After that we waited in silence, myself nestled deep inside Belinda, until Coyote flowed back into the cab.
‘How did you get on, babe?’ Belinda asked.
‘I did fine,’ Coyote answered. ‘I tapped on the window with a branch. She came up to greet me.’
‘Karletta?’
‘Sure thing. A sweet kid. I gave her my best smile of petals. There was a bad sneeze living inside her.’
‘I’m sorry for her.’
‘We’re riding to love, babe.’
‘I hope so.’
The cab was shimmering with joy. We rode the slickness through till morning, catching up with the sun as it rose above the trees. It was like hitching a good lift, the very best; clean driver, fine car, mutual destination. The customs house at the northern gate was deserted; all of those Guardsmen had long since vanished now that the new map was in place.
Third fare.
Out into Limboland. Blackstone Edge. Myself riding the Shadow inside of Belinda. Belinda riding the black cab of Coyote dog. Jewel in his box on the seat next to us. Extra luggage. Passengers within passengers. Life after death. This day was unfurling, the colours of dawn flagging us down for a ride home to daylight. The moors were panting with mist, ghostly breath.

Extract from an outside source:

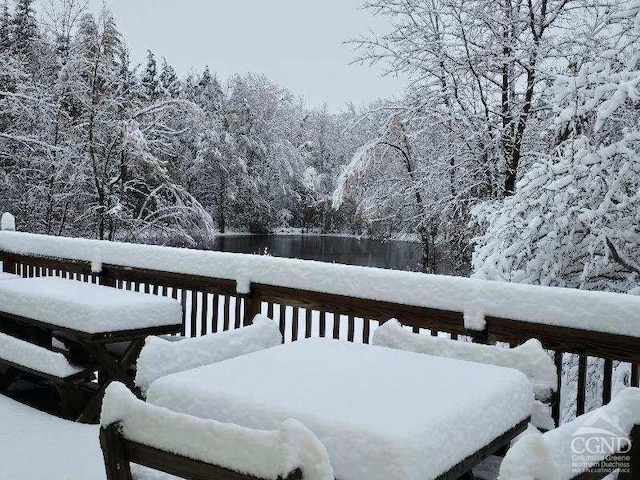 273 E Conesville Rd, Conesville, NY 12076 - view of snow covered deck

‘How come you knew where we were, Coyote?’ Belinda asked. I just loved that use of the plural.
‘I went visiting the Xcab rank. There was a plastic and fur boy there. One of the last still working the road. He delivered your pick-up.’
‘Right. His name’s Roberman.’
‘Good dog, that driver.’
Coyote pushed his black cab into hyper-mode, making a glaze of the passing trees. We were speeding along, breaking the rules, and I was loving it. It felt so right being inside my daughter. Like I should have done this years ago. And with a smooth-dog lover up front, driving us to bliss, and with Jewel there as well. With this team on board, how could I lose? John Barleycorn was going to regret his intrusion into my family and my city. I was just clinging to the insides of Belinda’s body, praising Coyote for giving Belinda the hope. And for making her accept me. I could feel her mind glowing. This love was too good to miss, and I was the mechanism taking her there. Listen, I didn’t mind being a mechanism. I was painting dreams into her. But I had to be careful; I didn’t want them running scared from what I was about to ask.

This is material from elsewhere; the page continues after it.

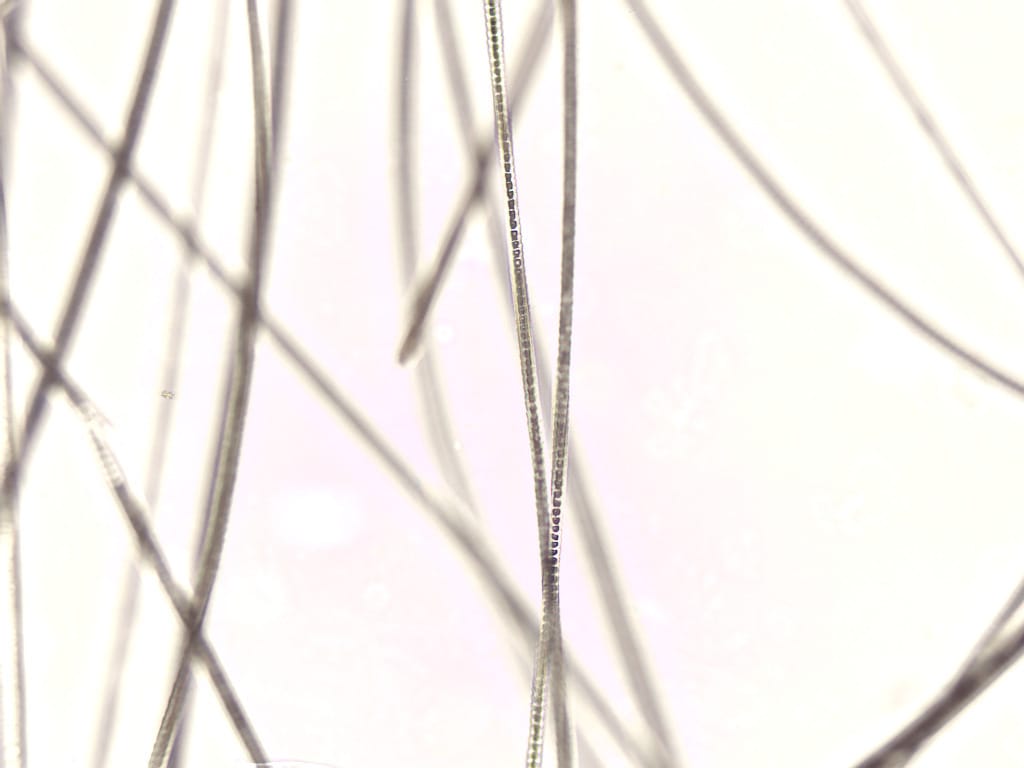 Ward's® Whole-Mounted Hair Slides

Coyote was speaking: ‘Coyote and the flower-world. There’s no difference between us now. I’m a dog. I’m a plant. I’m a human. Not so much dog. Not so much human. But there’s plenty of the plant on board. Can’t you feel me growing?’

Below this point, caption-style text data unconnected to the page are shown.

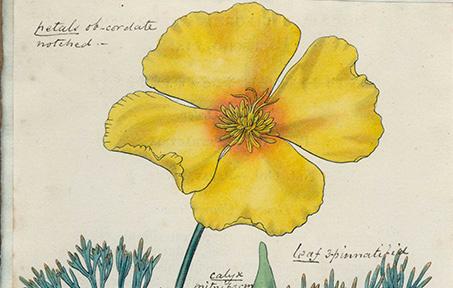Botanical illustration of a california poppy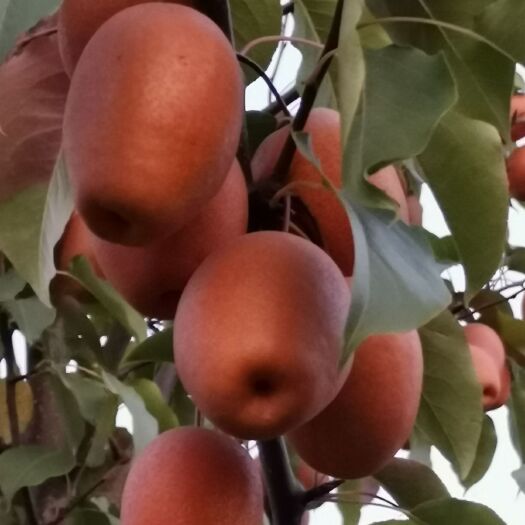 洛宁县金珠沙梨 诚信第一！我在等你，你在哪里。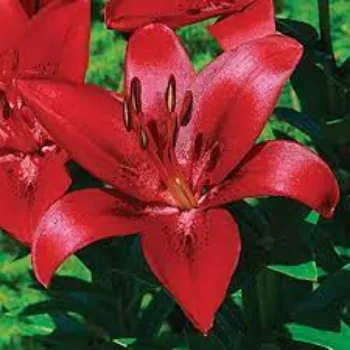 Natural Lilium Plants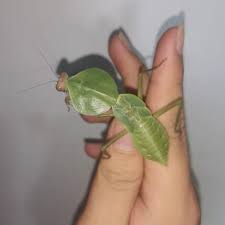 シナシールドカマキリ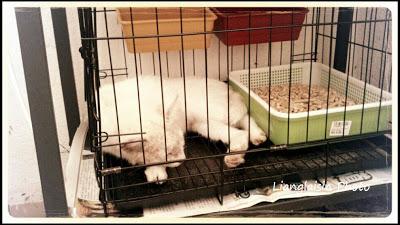 931301_10201099299786688_2104816468_n.jp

‘I feel it,’ Belinda answered.
‘Good rutting, babe.’
Coyote drove us to a bleak outcrop, beyond a pub and a farm, where a lonely telephone line fed its
way into the earth. The whispering corpse of an oak tree. Zombies could be heard, dribbling through the morning weeds. We could hear those creatures hissing and croaking. There was a smear of dawn above the tree-line. Coyote got out of the cab, opened the door for us. Let us loose. An oiled-up Half-aliver came shambling over the dead ground towards us, talons gleaming. Coyote put his paw into that alien claw, he shook it tight. The Zombie smiled at him and then fell, flopping-like, into the soil. And the earth all around us was littered with twenty or more of these soft and bulbous creatures. Zombies. They moved and breathed very slowly, their feelers weaving elaborate patterns, like language.
And then Coyote came up close, his big brown eyes staring deep into ours. ‘I’ve brought you here for a reason, Belinda,’ he whispered. ‘That’s all to do with love, sure. But something else…somebody else is making me choose this place.’ His spotted fur was a constantly changing array of leaves and flowers. He sure was beautiful just then. ‘This is where I first picked up Persephone.’ Coyote held his hand out in front of Belinda’s face. I could only gaze through my daughter’s eyes as Coyote turned his fingers into stems, into stalks. A yellow rose sprang from each of his fingertips. He cracked each bloom off with his other hand and then pressed the bouquet into Belinda’s hand. Then he spread his roots all around and under this parched earth, until a bed of soft grasses and flowers blossomed there. A private garden amidst the Limbo. Coyote smiled and then asked, ‘You want some love now, girl?’